§ **Exercise prompt**
From the entries below, transcribe exactly the lines between the line holding "354 ATHERLEY Road Unit# 213 #213" and the line holding "Sac en tissu", inclusive; skip all other lines.

§ **Material for the task**

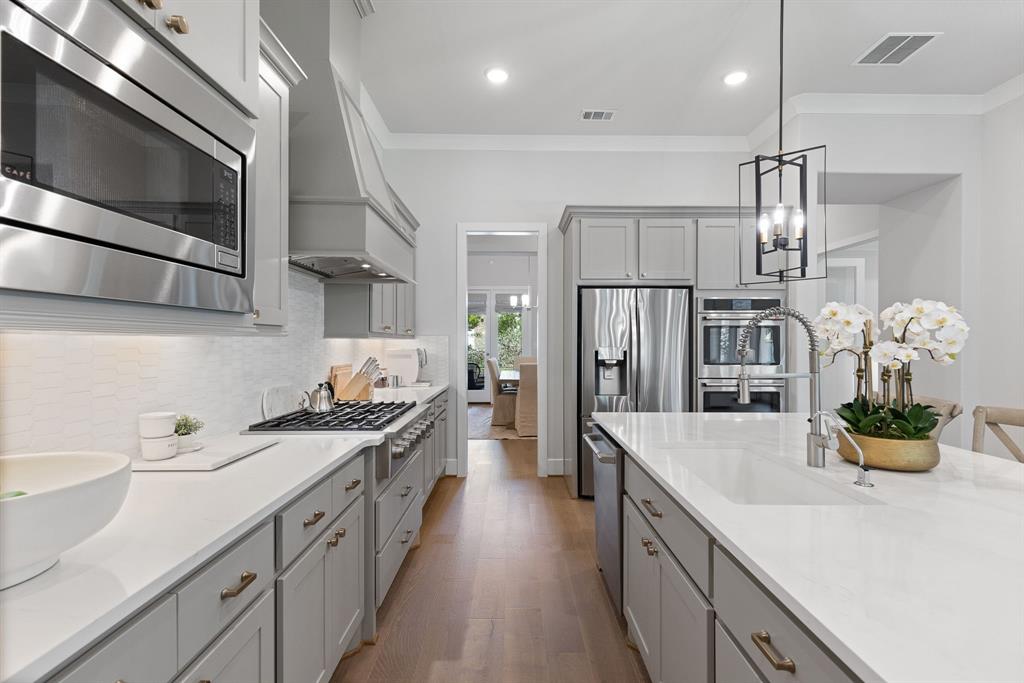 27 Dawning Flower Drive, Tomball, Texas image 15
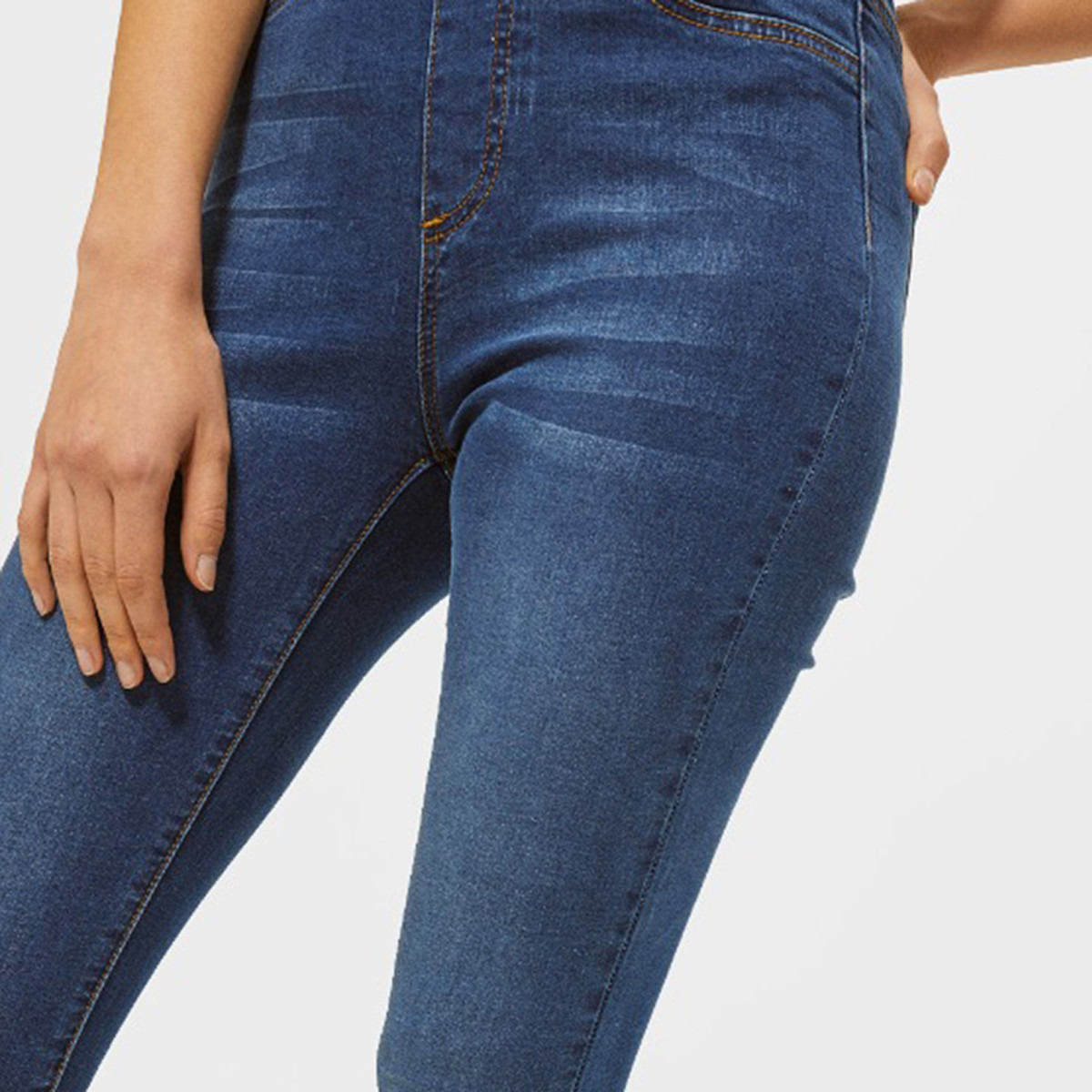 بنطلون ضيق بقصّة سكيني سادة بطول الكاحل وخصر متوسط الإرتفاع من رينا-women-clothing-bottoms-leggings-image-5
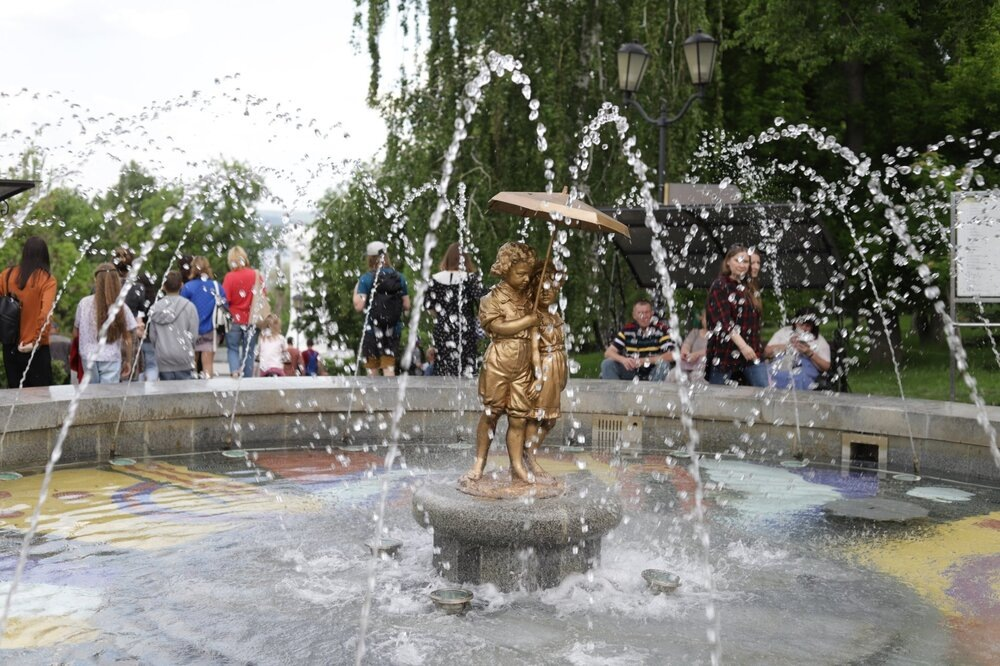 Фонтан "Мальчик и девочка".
--
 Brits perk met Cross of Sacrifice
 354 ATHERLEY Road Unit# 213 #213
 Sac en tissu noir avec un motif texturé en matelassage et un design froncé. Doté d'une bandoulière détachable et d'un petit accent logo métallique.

§ **Solution**
 354 ATHERLEY Road Unit# 213 #213
 Sac en tissu noir avec un motif texturé en matelassage et un design froncé. Doté d'une bandoulière détachable et d'un petit accent logo métallique.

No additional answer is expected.